Most likely while you’re sleeping, a Carmel High School graduate will be facing one of the greatest tennis players of all-time halfway across the world.
And no, it’s not Rajeev Ram this time.
Carmel grad Nishesh Basavareddy faces 24-time Grand Slam champion Novak Djokovic at 3 a.m. Monday in the first round of the Australian Open.
Basavareddy and his family moved from California to Central Indiana when he was 8.
The 19-year-old Basavareddy was ranked the No. 4 recruit in the 2022 class, per Tennis Recruiting, and picked perennial power Stanford.
After earning second-team All-Pac-12 as a freshman in 2023, Basavareddy was named Pac-12 singles player of the year in 2024. A two-time All-American, Basavareddy turned pro in December after dominating on the ATP Challenger Tour (41-13 record).

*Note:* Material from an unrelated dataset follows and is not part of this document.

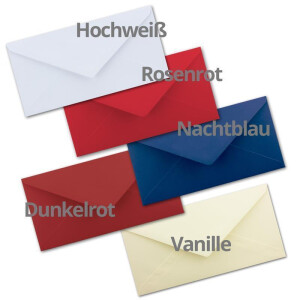 50 Brief-Umschläge Farbenmix-Paket 3 DIN Lang - 110 x 220 mm (11 x 22 cm) - Nassklebung ohne Fenster - Ideal für Einladungs-Karten - Serie FarbenFroh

In the buildup to the Australian Open, Basavareddy advanced to the semifinals of the Auckland 250, before losing to French veteran Gael Monfils.

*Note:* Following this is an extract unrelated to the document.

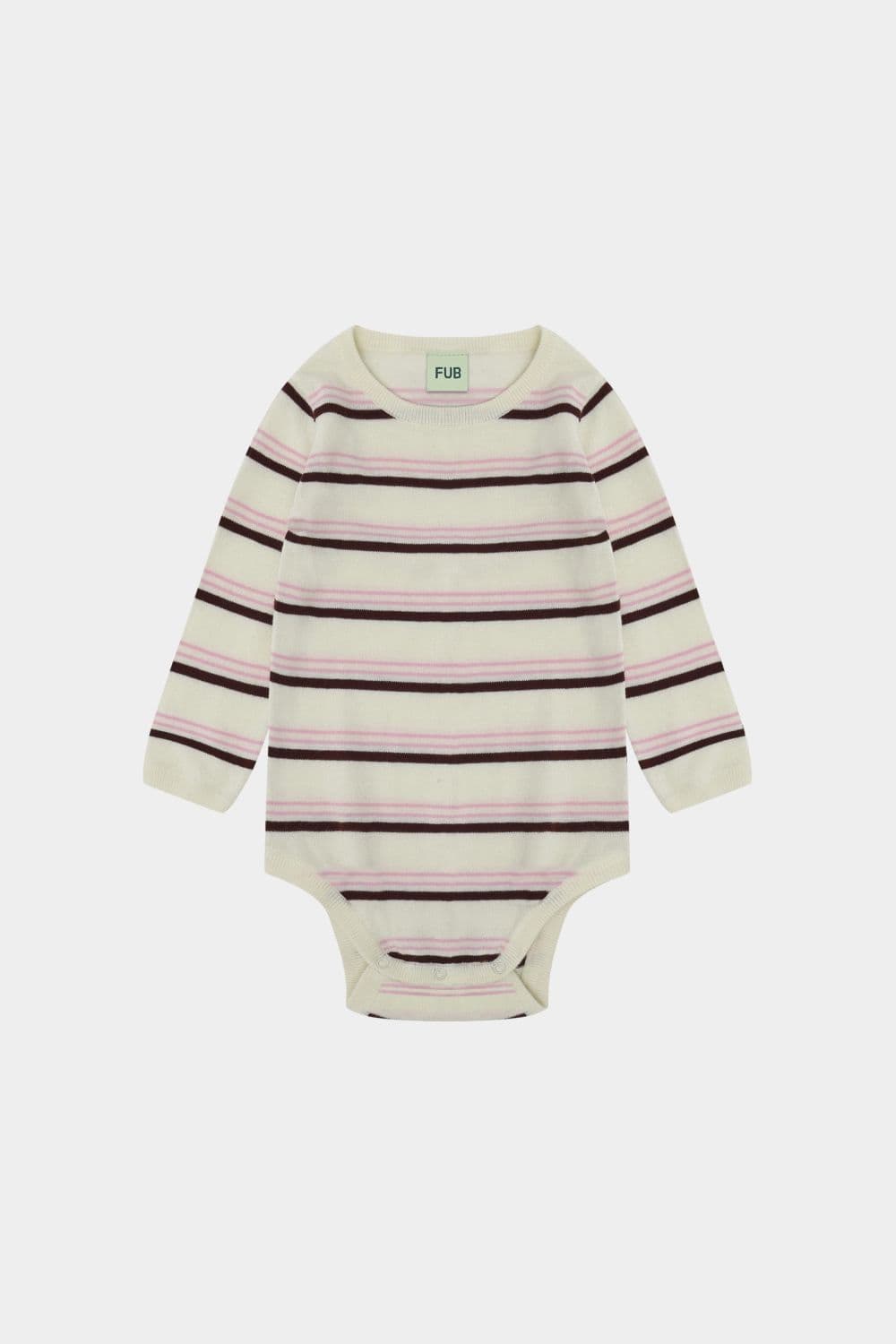 FUB / Langærmet Stribet Body / Maroon Ecru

Basavareddy and fellow Carmel grad Rajeev Ram met at a tennis camp ran by their mutual coach Bryan Smith.
“We’ve formed a pretty neat bond as two kids from this town, both of Indian American heritage, trying to make it in professional tennis,” Ram told WTHR this August.
“I’ve practiced with (Nishesh) probably as much as I’ve practiced with anybody in my life back home,” Ram told ATPTour.com. “He’s been a good enough player since he was about 13 or 14 for me to hit with.”

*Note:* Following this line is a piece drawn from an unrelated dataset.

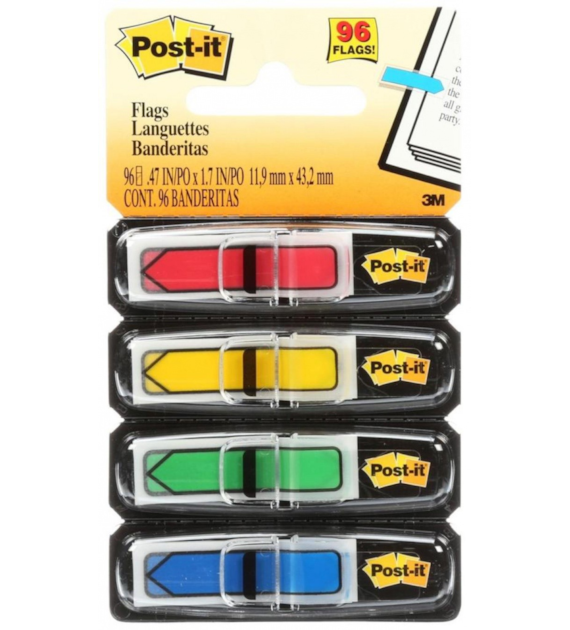 ZAKŁADKI INDEKSUJĄCE PLASTIKOWE 4 KOL. 12X43/24 684-ARR3 STRZAŁKI POST-IT
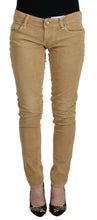 Brown Cotton Corduroy Low Waist Women Casual Jeans Acht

A 2000 Carmel graduate, Ram has 31 career men’s doubles titles in his career, with six Grand Slam titles (four in men’s, two in mixed).
“(Rajeev) has been super important for my growth because he played junior tennis, college tennis and made that leap to pro tennis after leaving the University of Illinois,” Basavareddy told ATPTour.com. “I think having all of his advice, what to expect on the pro tour, and the tennis advice has been huge for me.”
“I admire a lot of things in his game,” Basavareddy told ATPTour.com in October. “I think first, just his mental strength and all the toughness he has in every moment in his career. Also how he has left no stone unturned throughout his career. He’s worked on his diet, he’s worked on his physical strength, mental toughness. He has no holes.”
Basavareddy has a big fan in another former Stanford product with ties to Indianapolis: former Colts QB Andrew Luck.
“I know him relatively well. I had lunch with him twice last year, so that was pretty cool,” Basavareddy told ATPTour.com. “He’s a super humble, down to earth guy. At one point in his career, when he was playing for the Colts, he lived five minutes from where I live. I think that’s a pretty cool thing that we share.”
Basavareddy is ranked No. 107 in the world on the ATP Tour, a career-high.
No. Basavareddy earned a wild card to last summer’s U.S. Open.